QuickTip Sundays: Digg.com

One of my pet peeves is when I click on a link, I get sent to page that asks me to sign in. Some sites require it, which I understand, but if they do require it, they should make the process as painless and obvious as possible. Digg.com requires a sign in when you submit a new link for obvious reasons: to validate you are an actual user, and to limit spam.

Keep the options in your face

The vast majority of people that come to the page are new users, but I would guess a good percentage are returning users without the cookie saved. Why ask them to go above when sign in can be placed in line right here? It would take up 50, maybe 60 pixels of vertical space, tops, which is more important than losing a user.
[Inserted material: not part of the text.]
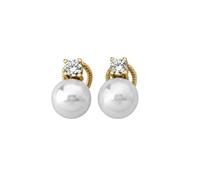 MAJORICA Pendientes Cierre Omega Perla 10mm y Circonita Dorados Selene para mujer con un diseño clásico y elegante, perla redonda blanca de 10 mm, cierre omega en plata bañada en oro de 18k.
Keep the options obvious and limited

Additionally, where it says Top In All Topics, that encourages leakage, meaning users are going to click there when they can’t figure out how to sign in. Just about every usability test I’ve seen regarding web forms is that the more places the user has to click, the more places they are going to click. there are metrics that show the number of people leaving a page were directly related to the number of links on that page.

Keep the forms simple

This registration form requires 12 pieces of information.

Twelve.

That’s great, if you are marketing cars, but this is an internet news site.

This is way too long, especially when the target audience is bloggers, most of whom don’t want to give up this much information. At the very most, digg should only be asking for the user name, email address, a password, and the CAPTCHA. Everything short of the gender and birthday could be assumed from the IP address to a certain amount of accuracy, and if the users really want to add those two, they can do that later or on a second screen.

When the user signs in or registers, return them to the page they were expecting

When I signed in, was I returned to a page where I could enter information about the article?

No.

I was returned to the home page. I have to return to the blog so auto-capture the article information. Not only does this irritate the user who clicked on the link to Digg, but it also irritates the blog owner (me), because I took the time to place a link on the article to promote my blog.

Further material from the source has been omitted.